Tetapi, buku itu menampakkan bagi pembaca bahwa realitanya orang dewasa seringkali bersikap tidak jujur, mengalihkan kesempatan, hingga mengabaikan anak-anak. Padahal, kita memiliki hak dan kewajiban untuk memberikan dan mengarahkan aturan maupun kebijakan yang baik dan ramah anak. Bukan untuk membatasi ataupun bertindak memenuhi kesewenangan hegemoni kekuasaan mereka.
Gagap dan Gagal Memahami Kebutuhan Anak
Seyogyanya kewajiban orang tua adalah memastikan hak ramah anak terpenuhi dan melindungi anak dari hal-hal yang menyengsarakan mereka. Tidak cukup bagi orang tua, entitas pemerintah maupun negara wajib ‘ain untuk melindungi anak-anak dari kebijakan maupun aturan yang diskriminatif dan tak ramah anak.
Tetapi, apa daya kabar mengejutkan di pertengahan Januari 2025 kemarin, datang dari parlemen Irak yang setujui undang-undang yang izinkan perempuan di bawah 15 tahun menikah. Mengutip kabar tempo.co bahwa beberapa interpretasi dalam hukum Islam—diyakini oleh otoritas ulama syiah di Irak yang acap mengizinkan pernikahan dini pada anak perempuan, bahkan pada usia 9 tahun.
Artinya, dari hukum Irak ini bisa kita pastikan akan melegalkan pernikahan anak dan mencabut hak dasar perempuan dan anak perempuan. Mendengar kabar mengejutkan ini membuat kita begitu miris. Aturan hukum Islam yang tidak menempatkan aturan pada konteks kebaikan dan perkembangan zaman kini justru dapat disinyalir membuat kekisruhan. Dan ini adalah masalah dan tantangan besar kemanusiaan.
Permasalahan di atas tentu merupakan masalah besar bagi kehidupan anak-anak Irak. Meskipun memang pernikahan anak di Irak sudah menjadi isu lama. Inilah bukti kegagapan dan kegagalan orang dewasa—memahami, memenuhi, dan merekonstruksi—kebutuhan masa depan yang baik untuk anak-anak.

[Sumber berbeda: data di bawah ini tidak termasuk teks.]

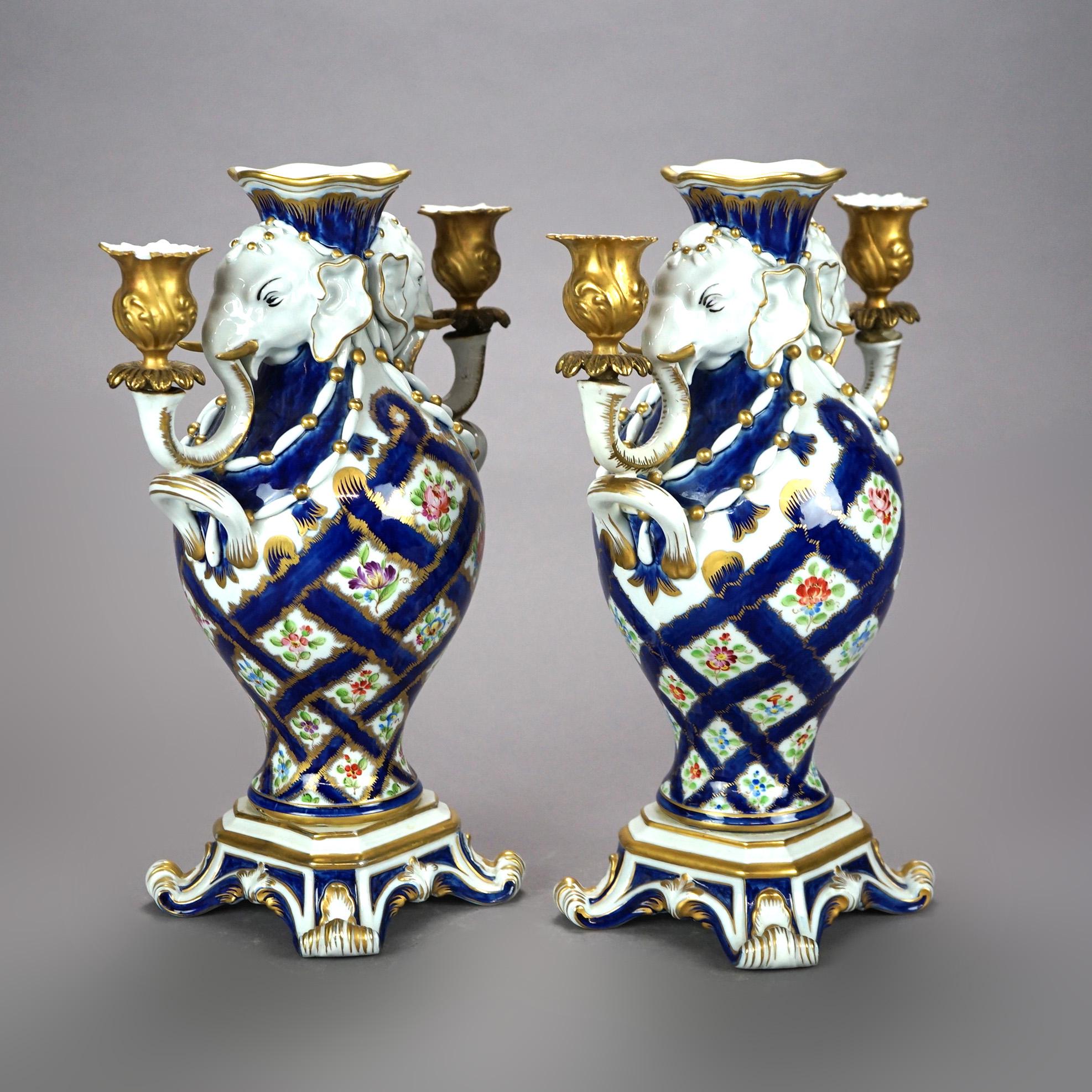 An antique pair of figural Italian candelabra urns offer porcelain construction with cobalt lattice pattern with flowers, flanking elephant candle holders, raised on footed base, gilt highlights throughout, maker mark on base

Bahkan jika kita melihat sendiri masalah dalam kehidupan sehari-hari saat orang dewasa berhadapan dengan anak-anak. Masih belum berubah kiranya kesadaran pemahaman orang dewasa mengartikan dan memahami dunia anak-anak, yang tidak ‘seremeh’ itu. Seringkali kita sebagai orang dewasa alih-alih memperhatikan mereka, justru mengecilkan harapan anak-anak kepada kita.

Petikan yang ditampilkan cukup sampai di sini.